All of that re-iterated convention has left many entrepeneurs a little unsure about what's next. So far, the social networks seem to operate on some sort of perverted book-club model: get lots of subscribers, and sell the thing before anyone realizes that making money from "this" is harder than it looks. (Personally, I think Google is facing the same challenge; it's hidden behind their outrageous profits and their "new and improved" business model - which can be, I think, simply described as a merging of television and roadside billboards. Provide content - people will come to see it, and then show them the billboards. At some point it will become apparent that this model has limits; actually, Valeria's post and the Economist article demonstrate some of those limits!
So, where is the money? I don't know - and I'm not sure anyone has thought about it enough to figure it out. Articles like the Economist one, and Valeria's highlighting of it, will help someone think about it; maybe some budding entrepeneur will have that essential "a-ha!" moment, and the rest of us can piggyback on their insight. What I do know is that it will be so simple everyone will say "Duh..." (Because if it's obscure - it won't happen.)
"Show me the money" meets "Where's Waldo?" Now, that's a classic problem - and one the world's entrepeneurs are good at solving. :-)
Carolyn Ann
Oh - and here's to the demolishing of Internet silos (I say, as I hoist my mug of coffee :-) ). They serve little purpose, and as "walled gardens", they're appalling bereft of interest. /CA
Posted by: Carolyn Ann | March 24, 2008 at 10:52 AM
Valeria, if I get the point:
- social network still not have a business model to generate revenue
- one issue is that they do not speak each other and you eventually meet the same people across three of four social network
- we need to aggregate all our information in one single source, allowing us to meet different people in different places but from one entrance point only
- are some companies overpriced? I believe yes. I cannot understand why Facebook is valued 15 bn usd base on the assumption that, soneer or later, someone will get the killing idea
- is this a potential bubble? I would watch closely to Google, which is hiding major issues under the profit coming from other business
- last, there are privacy concerns that may harness the business model for the social network ( as seen with Facebook case) and we may see, in a future, people willing to pay 10 usd a month to be part of a social network without privacy concern.

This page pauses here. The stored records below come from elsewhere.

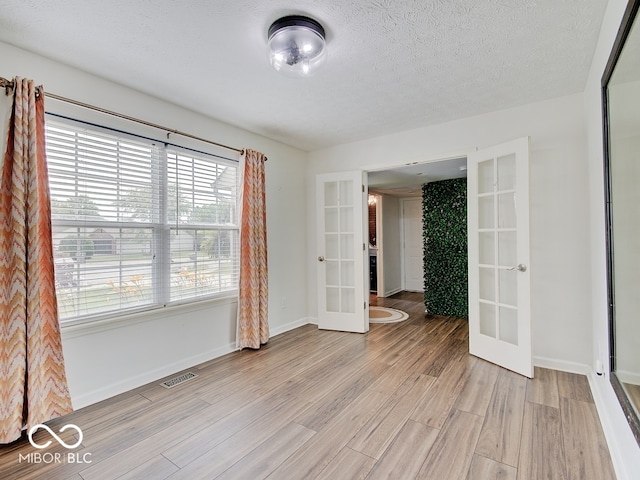 3902 Jekyll Ct, Indianapolis, IN 46237 - spare room featuring french doors, light wood-type flooring, and a textured ceiling
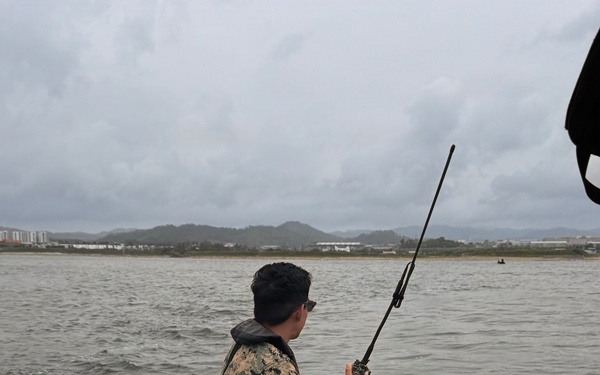 A person in military camouflage (MARPAT pattern) sits on the gunwale of a USCG PSU 309 vessel, holding a handheld radio with an extended antenna. The boat is on open water with a coastal cityscape and hills visible in the background under overcast skies. Equipment including an orange life ring marked '32138' and a YETI cooler stenciled 'USCG PSU 309' are visible in the foreground.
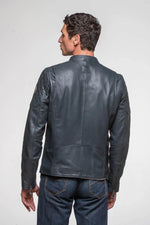 Navy sheepskin jacket with Senna's Lotus F1 patches and JPS lining. - Image n°4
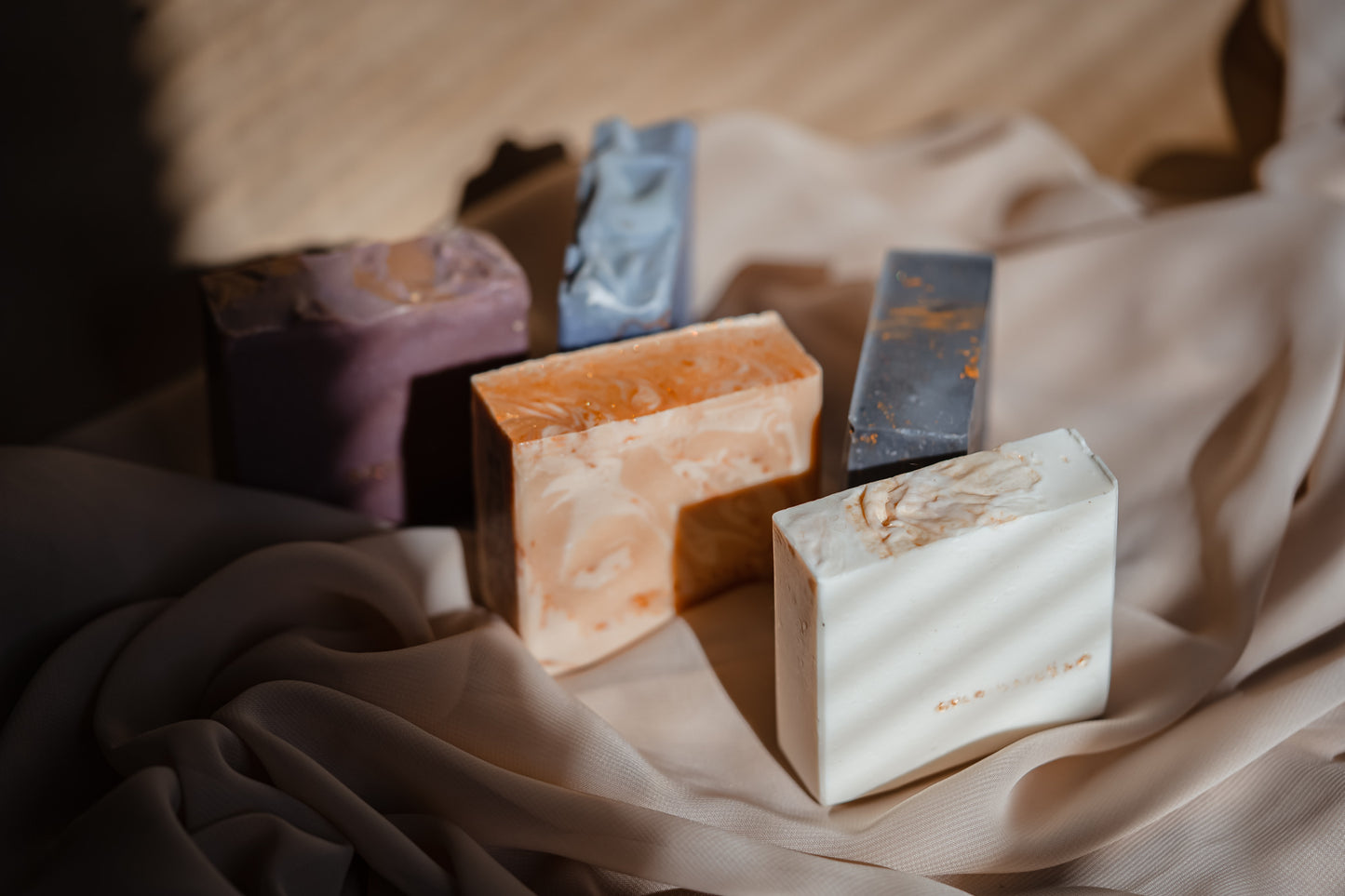 Assorted bars of soap on a textured fabric surface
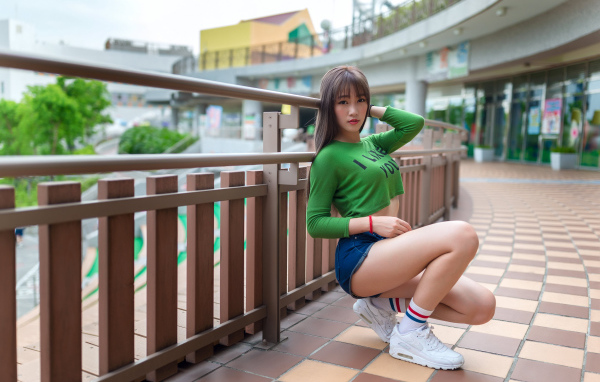 Красивая молодая азиатка в белых кроссовках 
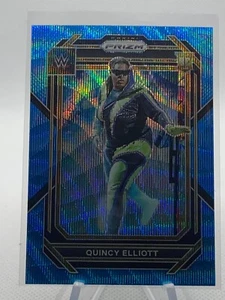 2023 Panini Prizm WWE Prizms Blue Wave #104 Quincy Elliott - Picture 1 of 2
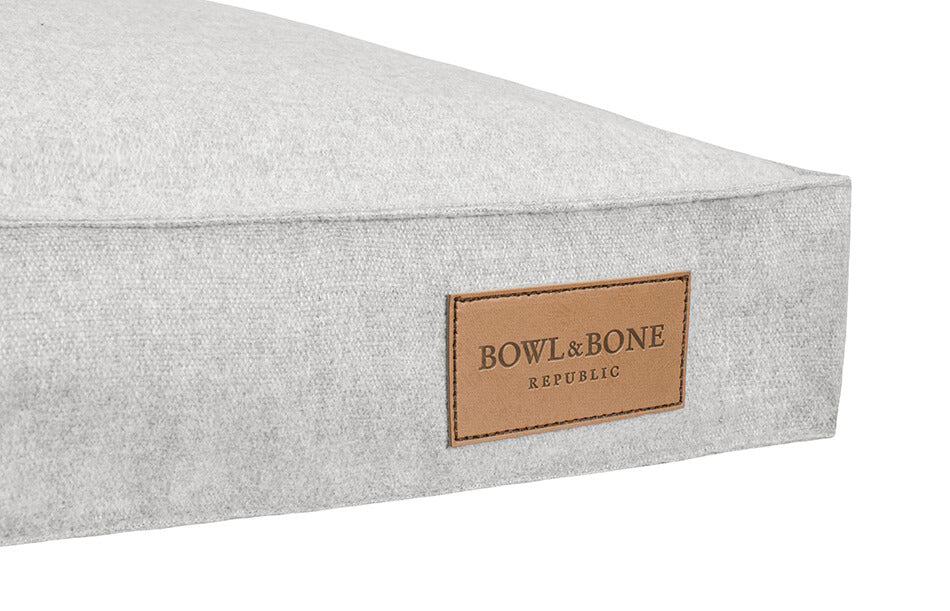 A dog cushion bed with a leather label by Bolw&Bone Republic.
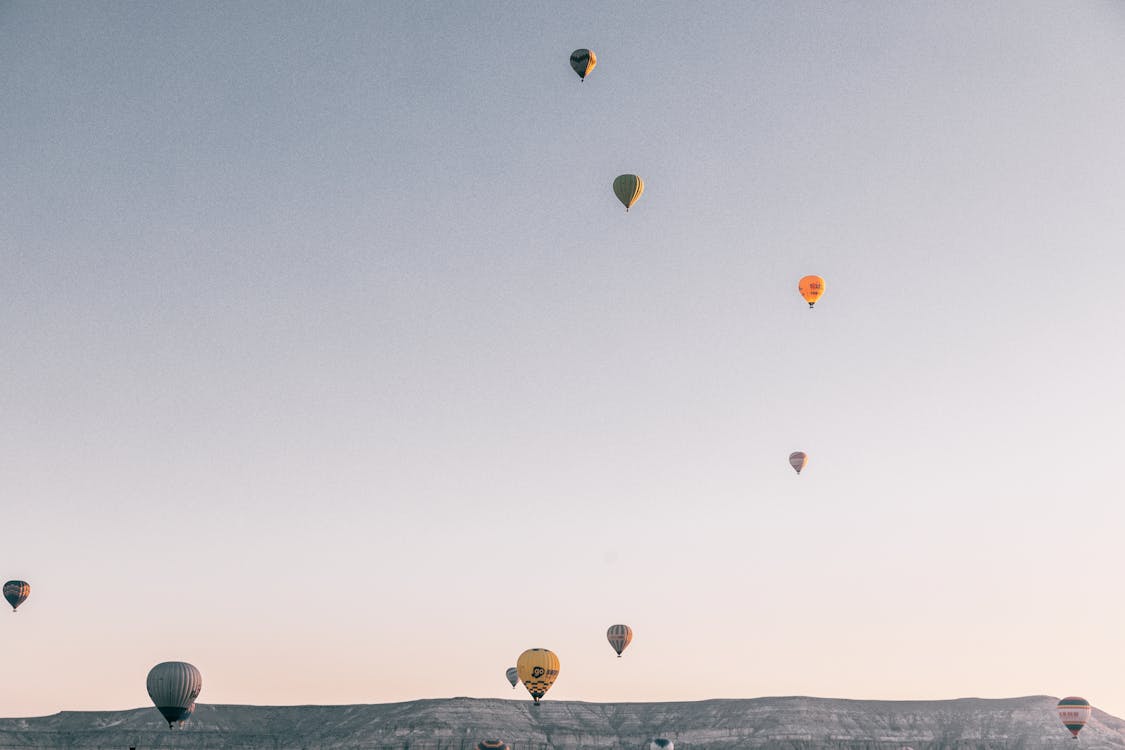 Low angel of various colorful air balloons flying in cloudless sunset sky over rocky mountains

But this is another story.
Posted by: gianandrea facchini | March 24, 2008 at 04:38 PM
@Carolyn Ann - right now, as you mentioned for Google, the model is "if you build it they will come." Then what? We're getting pretty good at creating mash-ups on the customer/reader side. Patching what we know to work from each application and network to get us some of the desired results. And in the meantime we leave behind a lot of information for those who can mine it. Which brings me to the issue Gianandrea latches on.
@Gianandrea - privacy is an issue near and dear to my heart. There exist already membership-based networks, particularly when it comes to career development. Do they work? The one experience I had left a lot to be desired. Those were conceived more as special interest groups or clubs, than social networks. A universal sign on would simplify things. I have 3 different passwords at work alone!